The old folks blew it. Sorry, there’s no other way to say it. The Brexit vote to divorce the E.U. was won by those with little to lose – older, secure, firm in their determination to have the cherished Kingdom of old that didn’t join other countries to prosper. It also wasn’t particularly warm to immigration.
Instead the old Kingdom fought other nations, took their wealth, imposed rule and in doing so, became a dominant force in the world. The England of old was something to be dealt with, that’s for sure. But that was then. Leadership today embraces the world and forges relationships with other countries for one main reason – to benefit economically. Somehow, enough Brexit voters missed that point.
Ask Walmart, or McDonalds or Apple, or any corporation. As much as you may hate them for their focus on the bottom line, that focus includes a wide-angle lens on world markets and it provides jobs. Yes, some of those jobs are in Asia and some of those jobs are simply not the jobs most people would want. But a great deal of this international corporate wealth and power is operating in the U.K. It’s a money and jobs hub.
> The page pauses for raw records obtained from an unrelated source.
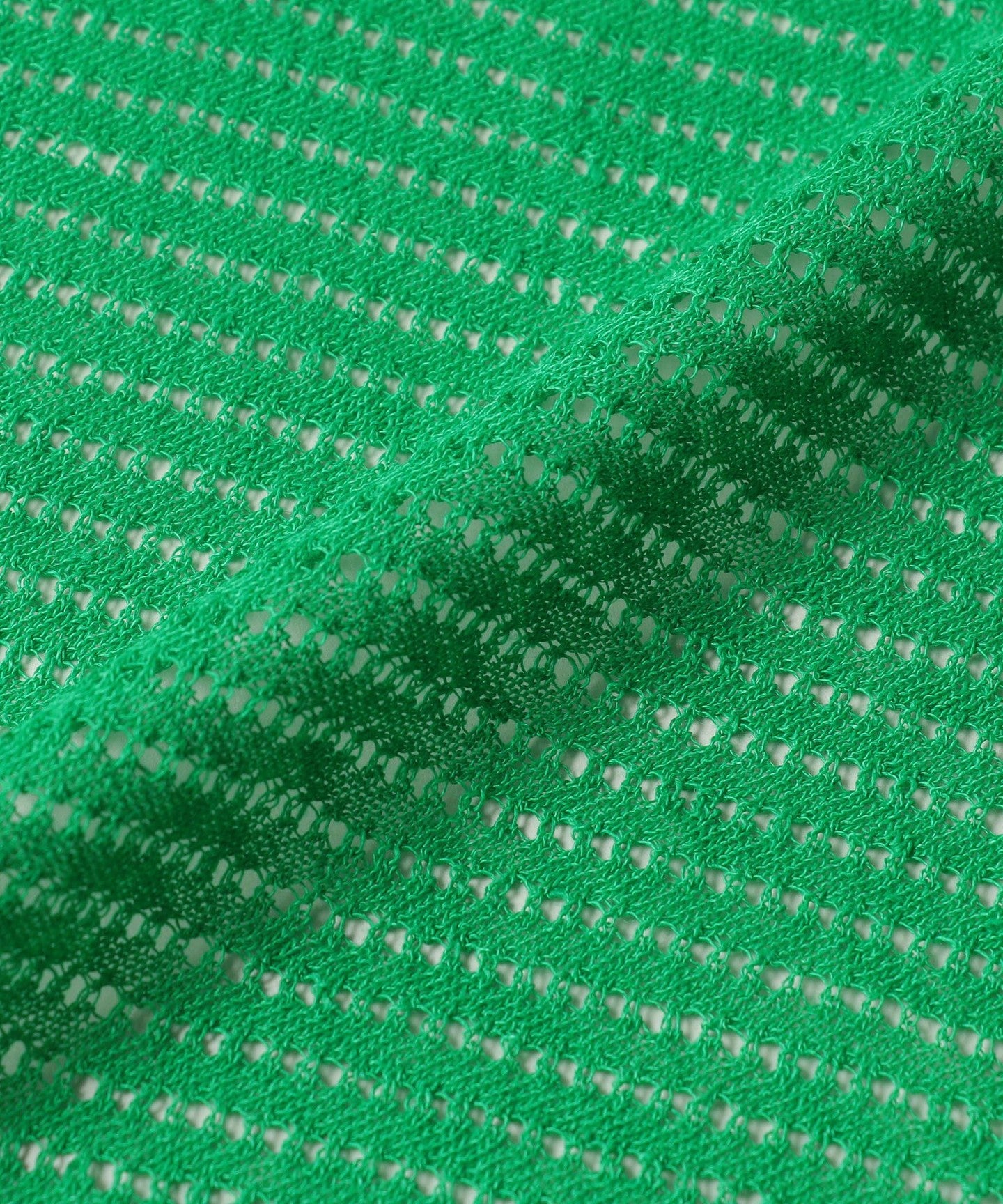 45364990355-d04.jpg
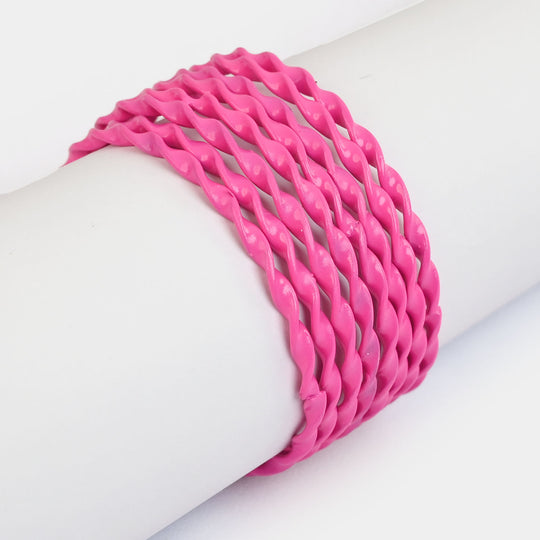 Elegant & Stylish Bangles for Girls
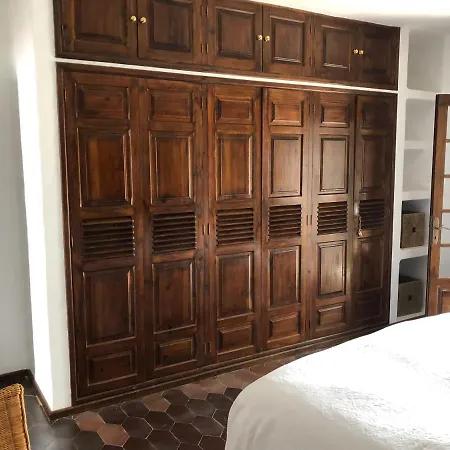 Mare Bella Chao Sea View Private Heated Solar Pool Ac Villa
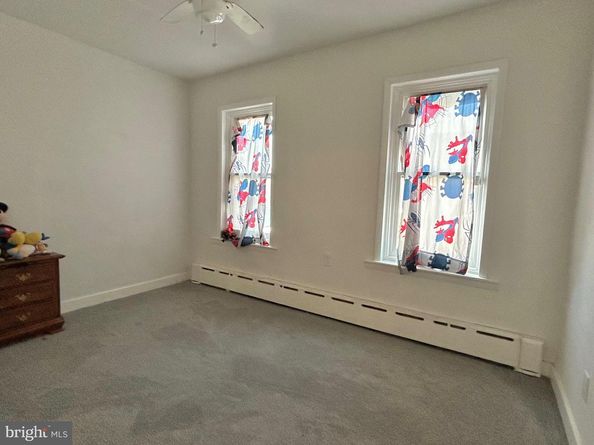 4726 Princeton Avenue, Philadelphia PA 19135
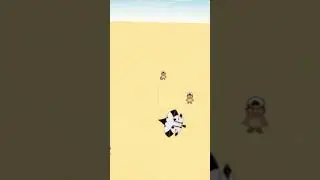 company #kite game #kite flaying #pipa combact #sorts#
The financial center role is as powerful as the Britannia of old. There is no need to take over African countries and islands anymore. You do money deals instead. It’s much less bloody. At least three dozen giant corporations have revenues well in excess of most countries. Corporations are power. If you don’t welcome corporate power and provide access to markets, you have no power as a nation. The modern U.K is a civilized place with very reasonable tax breaks and it works for corporate America. While it’s clear there’s inequity in distibution of that wealth, the bottom line is, there is a share of the wealth to be had.
If you are a young person in the U.K., you may detest the salaries paid to corporate CEOs, but you are very likely to consider a job within a corporation. You may also be very happy that you can consider working in many corporate operations throughout Europe because you are part of the E.U. But now the door to Europe has been closed, and the international corporations are re-examining whether they even want to have large operations based in London.
So when the older folks in the U.K. voted to divorce their trading partners, they really screwed over young people and their access to E.U. jobs. The irony is, younger folks don’t generally trust corportations. But show me any young person who wants to live in poverty. They need jobs and their job market has been stolen away by the satisfied older generation.
The sad thing is, it was starting to look so much better. In 2013, over a million young people in the U.K. aged 16-24 were unemployed. Corporate investment and recovery from recession brought that number down to 621,000. Quite a feat. Now, there is a good chance the U.K. will be plunged into recession again. Jobs will disappear, and it will be the younger, poorer generation that feels the pain the most.
They will be stuck on an island that has shut out so many opportunities for bright and talented young people. Those young folks may have been slightly wrong about corporations, but they were right about the elitist ruling class, the ones who decided to plunder futures in the name of isolationist thinking.